• _Supplied data_:
=== Section Start ===

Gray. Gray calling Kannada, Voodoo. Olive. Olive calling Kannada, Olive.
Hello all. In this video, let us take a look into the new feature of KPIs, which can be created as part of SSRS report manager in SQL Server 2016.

=== Section End ===
=== Section Start ===

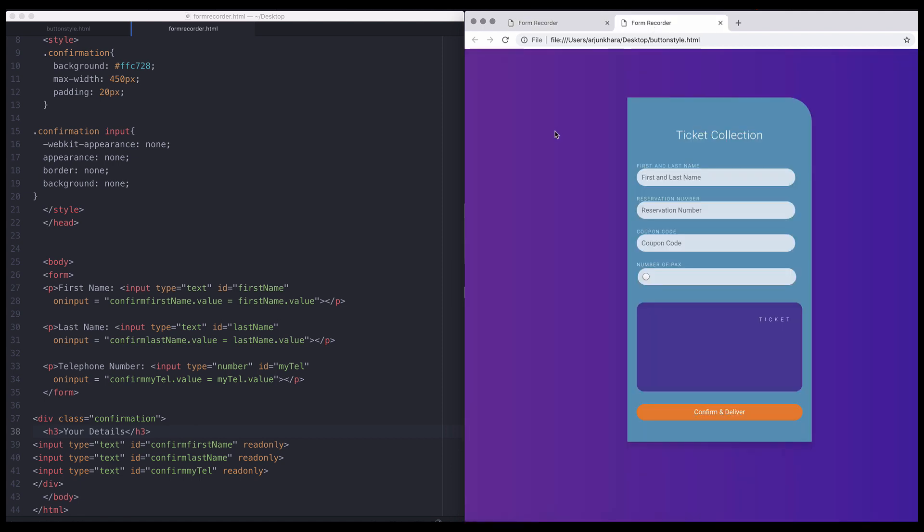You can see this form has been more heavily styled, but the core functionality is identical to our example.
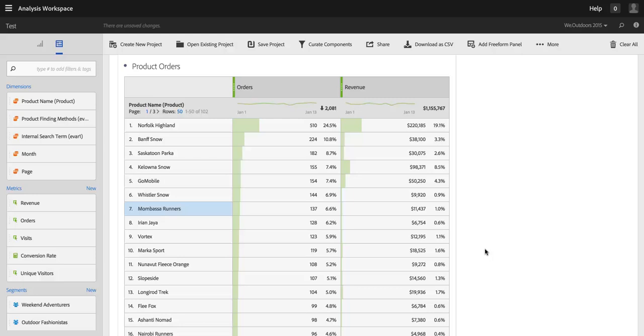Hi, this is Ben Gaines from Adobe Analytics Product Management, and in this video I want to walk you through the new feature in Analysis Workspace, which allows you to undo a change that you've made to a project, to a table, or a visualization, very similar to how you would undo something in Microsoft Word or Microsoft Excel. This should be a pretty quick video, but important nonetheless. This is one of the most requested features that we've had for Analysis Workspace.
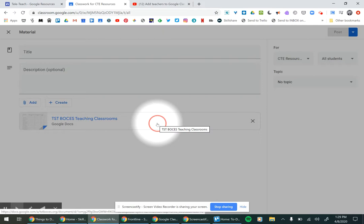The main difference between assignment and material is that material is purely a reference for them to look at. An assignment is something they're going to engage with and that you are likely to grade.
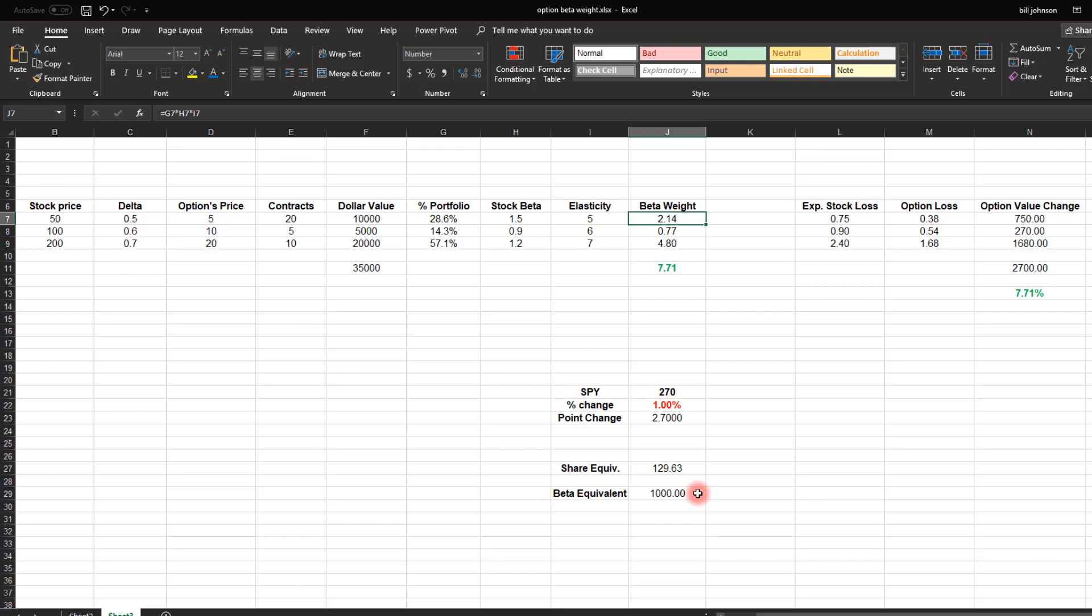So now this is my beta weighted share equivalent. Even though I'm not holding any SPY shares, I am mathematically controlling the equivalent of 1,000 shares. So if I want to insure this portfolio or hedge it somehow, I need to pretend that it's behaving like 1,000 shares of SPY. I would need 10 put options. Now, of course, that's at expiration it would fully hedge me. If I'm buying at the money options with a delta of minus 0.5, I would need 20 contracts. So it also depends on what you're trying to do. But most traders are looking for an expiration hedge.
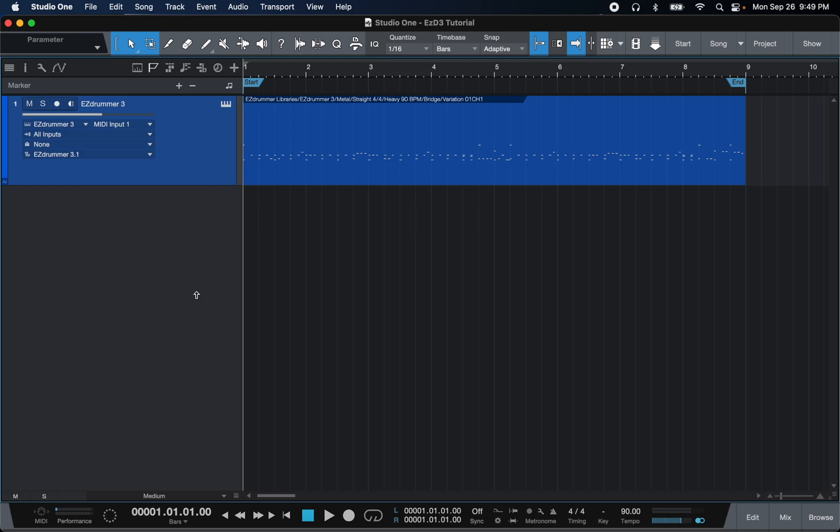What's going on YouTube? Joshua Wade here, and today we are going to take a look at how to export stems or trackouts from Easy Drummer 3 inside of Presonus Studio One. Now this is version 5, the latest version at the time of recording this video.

=== Section End ===

• _Your assignment_:
Output, from the data above, the lines from the line with "Gray. Gray calling" to the line with "Hello all. In" exactly as they stand, both ends included and nothing else.

• _Solution_:
Gray. Gray calling Kannada, Voodoo. Olive. Olive calling Kannada, Olive.
Hello all. In this video, let us take a look into the new feature of KPIs, which can be created as part of SSRS report manager in SQL Server 2016.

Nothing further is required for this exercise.